O ar descendente comprime a camada mais próxima do solo, elevando a temperatura. Ao mesmo tempo, a alta pressão dificulta a formação de nuvens e desvia frentes frias, favorecendo dias de céu aberto e maior aquecimento pela radiação solar.
Neste caso, o centro do sistema deve ficar entre o Paraguai e o Centro-Oeste do Brasil.
Estudos científicos apontam que a mudança climática pode estar relacionada ao aumento da frequência, da duração e da intensidade de episódios de calor extremo no Brasil e em outras partes do mundo.
Cuidados com a saúde
Segundo o Ministério da Saúde, temperaturas elevadas por vários dias podem causar desde desconforto até situações graves de saúde.
A desidratação é um dos principais riscos, já que o calor favorece a perda de líquidos e eletrólitos. Sem reposição adequada de água, podem surgir sintomas como tontura, fraqueza e queda de pressão.

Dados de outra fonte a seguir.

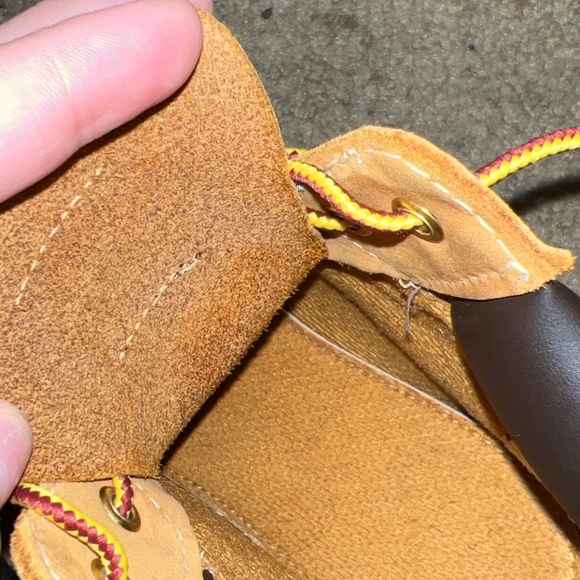 Timberland 6 Inch Waterproof Classic Boot - Picture 6 of 9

Em casos mais graves, pode ocorrer insolação ou golpe de calor, uma emergência médica caracterizada por confusão mental, convulsões e perda de consciência.
O calor também pode agravar doenças cardíacas e respiratórias, pois o organismo precisa fazer mais esforço para manter a temperatura estável. Além disso, pode intensificar quadros de ansiedade e depressão. Crianças, idosos e gestantes estão entre os grupos mais vulneráveis e precisam de atenção redobrada.

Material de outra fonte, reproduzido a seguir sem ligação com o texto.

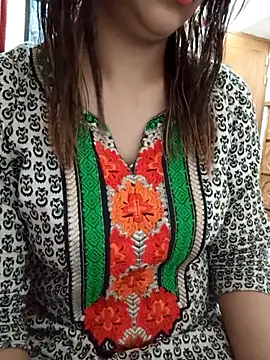 Snapshot of Tanha18 chatting on May 11, 4:04 pm Tanha18 online show from May 11, 4:04 pm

A orientação é manter os ambientes ventilados ou climatizados sempre que possível e evitar exposição ao sol nos horários mais quentes do dia.
É importante beber água regularmente, mesmo sem sede, e evitar bebidas alcoólicas ou com cafeína. O uso de roupas leves e claras ajuda na regulação da temperatura corporal.
Também se recomenda priorizar alimentos leves, como frutas e saladas, e adaptar a rotina para realizar atividades ao ar livre no início da manhã ou no fim da tarde.